Being diagnosed with a rare and incurable cancer can leave a patient without hope.
Research is always evolving, but a majority of that focuses on major cancers that affect a majority of people. But as scientists understand more about the molecular makeup of cancer, a new weapon in previously untreatable cancers has emerged.
The genetics of a tumor can hold the key to an effective treatment. Doctors just have to know how to look for it, said Dr. Pablo Bedano, a medical oncologist at Community Cancer Center South.
“If we can find a targeted agent that works on that cancer, then the chances of side effects are much lower and the chances of success much greater,” he said. “Chemotherapy is a shotgun treatment. This is more of a smart-bomb treatment.”
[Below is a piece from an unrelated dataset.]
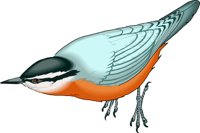 NUTHATCH.WMF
In order to best treat individual patients and attack their cancers in the most effective way possible, Community Cancer Center South has convened a tumor board. The gathering brings together oncologists, molecular biologists, pharmacists and research specialists to discuss weaknesses in a patient’s unique cancer.
By focusing on the genetic and molecular makeup of the cancer, the team can use pinpoint focus to find the most up-to-date treatments possible.
“What we’re looking for is what makes the cancer tick,” Bedano said. “We can see if there is an agent that has already been approved that can block that mutation, or if it’s experimental phases to work against that mutation.”
Physicians at Community Cancer Center South have introduced molecular testing into their procedures when examining a patient’s cancer. Molecular testing breaks down the elements of a tumor at the gene level.
Working with a company in Cambridge, Massachusetts, the hospital can use next-generation sequencing to determine if there are any active mutations that are making the cancer grow.
Those results are then discussed by the tumor board, made up of Community Health Network oncologists. The local oncologists video conference with molecular biologists from Massachusetts to talk about the mutations that show up from the testing.
Pharmacists and research coordinators are also present to share information on clinical trials or new drug therapies that have shown to have success on specific tumors.
By working together, they can formulate the best treatment option for the patient’s cancer, Bedano said.
“It really helps having the input from different specialties to make a decision on treatment for the patient,” he said. “A molecular biologist may look at it from one standpoint, then a clinician might look at it a different way and the pharmacist is right there so we know if a particular drug or treatment is available. It allows us to present a better plan than if we were all working individually.”
The tumor board is another step for Community Cancer Center South as health care moves toward more personalized medicine, Bedano said.
“Everybody’s cancer is particular to them, and they may have some unique features that might help us decide what the best treatment for the cancer is,” he said.
The board meets to discuss treatment of every patient who comes to Community Cancer Center South with metastatic, or incurable, cancer. Traditional methods of chemotherapy, surgery and radiation are the best course of treatment for a vast majority of cancers, Bedano said.
But for those patients for whom traditional methods will not work, the tumor board can determine what other options exist.
“These are people who, unfortunately, their cancer has spread. The best we can hope to do is keep it under control so they can live with it as long as they can,” Bedano said. “When we come to that situation, sometimes chemotherapy can be worse than the disease. People have so many side effects from the treatment that they just don’t want to do it anymore.”
The tumor board has been meeting at Community Cancer Center South for the past year.
Though molecular testing had been used at the hospital for nearly three years, no system was in place to effectively interpret the results, Bedano said.
Now, there’s a platform to better approach that testing.
“If we’re really serious about fighting cancer, we need to have all of the data available,” Bedano said.